Konsum, Aggression und Ulkigkeit

Von Wiglaf Droste

Wenn der moderne Mensch anderthalb oder zwei Tage lang nicht eingekauft hat, wird er schier wahnsinnig. Außer Einkaufen hat er nichts gelernt, es ist für ihn keine Pflicht, derer man sich möglichst flink oder gut gelaunt spielerisch entledigt, sondern einziger Sinnstifter und Daseinszweck. Mit stierem Tunnelblick und verbissenem »ICH ICH ICH muss noch ...!« in jeder Silbe seiner Körpersprache rammt er anderen seinen Einkaufskorb in Hacken und Beine. Greise, denen das Resthirn in der Gelenkpfanne verrückt wird, krallen sich an Gitterwagen, als wären es Rollatoren, und den meisten Einkaufsexistenzen steht der Mund sperrangelweit offen von einer ausgeleierten und doch nie zu befriedigenden Gier.

Ihr zwanghafter Konsum ist ein Akt der Aggression; Einkaufen ist Krieg, und das Schöne daran ist für die Teilnehmer: Es ist ganz demokratisch, Menschen aller Altersgruppen, jederlei Geschlechts und sexueller Orientierung können es tun; einziges Ausschlusskriterium ist der Mangel an Geld.

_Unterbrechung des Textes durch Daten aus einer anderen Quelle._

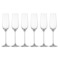 Набор бокалов для шампанского Schott Zwiesel Fortissimo 240 мл, 6 шт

Doch wozu gibt es Ratenzahlungen und Kredite? Wer da leer ausgeht, dem bleibt immer noch der Ausweg in offenere Formen der Kriminalität wie Diebstahl oder Mord aus Habgier auf geile Elektronik und Sichselbstwegsperrung durch Luxuskreuzfahrten oder Aufenthalte in bewachten »Ressorts«. Es ist wie auf dem Rummel: »Jetzt wieder einsteigen und mit dabeisein, schöne Fahrt, gute Fahrt ...« Wer nicht die Fäuste oder die Waffen sprechen lässt, tobt sich zu Hause am Rechner aus, wo er »multissimo agitato« und ano-, pseudo- oder kryptonym die denkfaule, aber aufgepeitschte wilde Sau rauslassen und sich mit anderen Unfreien und Gleichgemachten zu einem Shitstorm vereinigen kann; früher war in solchen Fällen von »Volkszorn« die Rede, je organisierter desto Kristallnacht.

Das fremd- und ferngesteuerte Grapschen von allem, das man nur ergattern kann, trägt aber auch ulkige Züge; wenn der Sabber im Kopf durch die Augen austritt und die Visagenzüge des Konsumenten sich ins ausgehöhlte Debile verjüngen, sieht das mitunter so monströs unfreiwillig komisch wie freiwillig verblödet aus, dass es anderen ein nachsichtiges Lächeln entlocken kann, eine Art Achselzucken der Mundwinkel. (Merke: Eine Visage ist bei einem Zwangskaufenden an die Stelle dessen getreten, was einmal ein menschliches oder doch wenigstens menschenähnliches Antlitz war.)

Wünscht man aber die Verwesung einer Spezies am lebendigen Leib ihrer Mitglieder zu belächeln? Was bleibt einem übrig? »Lieber Schwänze lutschen als Trübsal blasen«, pflegte eine alte, lebenserfahrene Freundin zu sagen, und obwohl ich diesbezüglich nicht aus eigener Erfahrung mitreden kann, will ich gern glauben, dass sie nicht irrte.